Abstract:We present a practical distillation approach to fine-tune LLMs for invoking tools in real-time applications. We focus on visual editing tasks; specifically, we modify images and videos by interpreting user stylistic requests, specified in natural language ("golden hour"), using an LLM to select the appropriate tools and their parameters to achieve the desired visual effect. We found that proprietary LLMs such as GPT-3.5-Turbo show potential in this task, but their high cost and latency make them unsuitable for real-time applications. In our approach, we fine-tune a (smaller) student LLM with guidance from a (larger) teacher LLM and behavioral signals. We introduce offline metrics to evaluate student LLMs. Both online and offline experiments show that our student models manage to match the performance of our teacher model (GPT-3.5-Turbo), significantly reducing costs and latency. Lastly, we show that fine-tuning was improved by 25% in low-data regimes using augmentation.

What problem does this paper attempt to address?

### What problems does this paper attempt to solve? This paper aims to solve several key problems in real - time video editing applications, especially the cost and latency issues encountered when using large - language models (LLMs) for tool invocation. Specifically: 1. **High cost and high latency**: - Although current proprietary large - language models (such as GPT - 3.5 - Turbo) perform well in visual editing tasks, their high cost and long response time make them unsuitable for real - time applications. 2. **Interpretation of user intent and tool selection**: - Users describe the desired visual effects through natural language (for example, "golden hour"), and a system is required to accurately understand these intents and select appropriate tools and their parameters to achieve the desired effects. 3. **Performance improvement in the case of low data volume**: - In practical applications, especially on mobile devices, the amount of available data may be limited. Therefore, how to effectively train the model in the case of low data volume is a challenge. 4. **Evaluation of the performance of student models**: - It is necessary to develop offline evaluation metrics to measure the performance of student models in order to predict their performance in an online environment and avoid frequent and expensive online A/B tests.
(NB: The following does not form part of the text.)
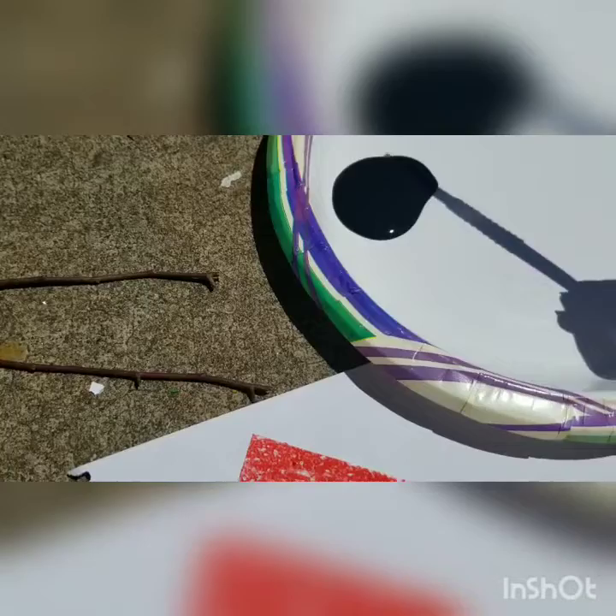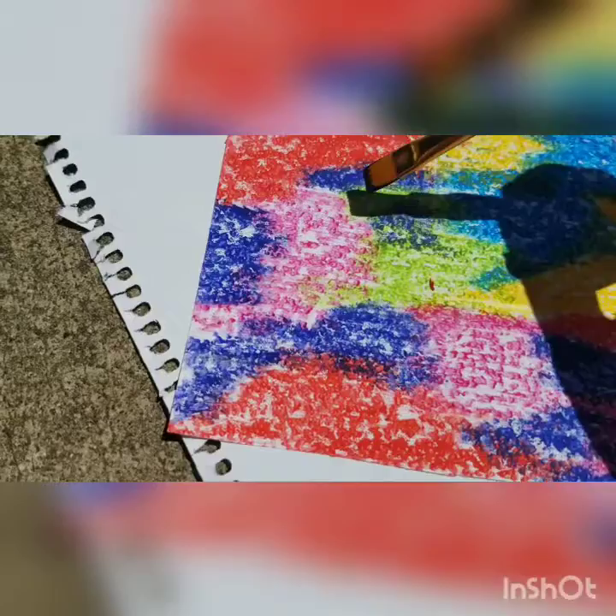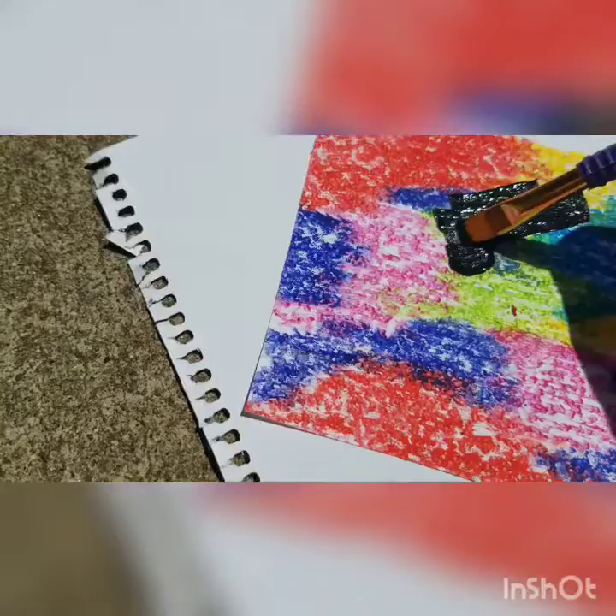Here is my finished piece and over here is Tanner's. Tanner's favorite color right now is orange, so he decided to make his whole paper orange. I decided to make mine rainbow. Next is the black paint, and what we're gonna do is cover our whole beautiful crayon masterpiece with the black paint.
To solve these problems, the authors propose a method based on a distillation framework. By fine - tuning a smaller student LLM (guided by a larger teacher LLM and user behavior signals), low - cost and low - latency real - time visual editing tasks can be achieved. In addition, they also introduce data augmentation techniques to improve the fine - tuning effect in the case of low data volume and design offline evaluation metrics to ensure the performance of student models. ### Brief summary This paper mainly solves the following problems: - How to reduce the cost and latency of using LLMs for visual editing while ensuring high - quality editing effects. - How to achieve good performance in the case of low data volume by fine - tuning smaller student models. - How to develop effective offline evaluation metrics to reduce the dependence on expensive online A/B tests. Through these methods, the authors hope that their solutions can better meet the needs of real - time industry applications.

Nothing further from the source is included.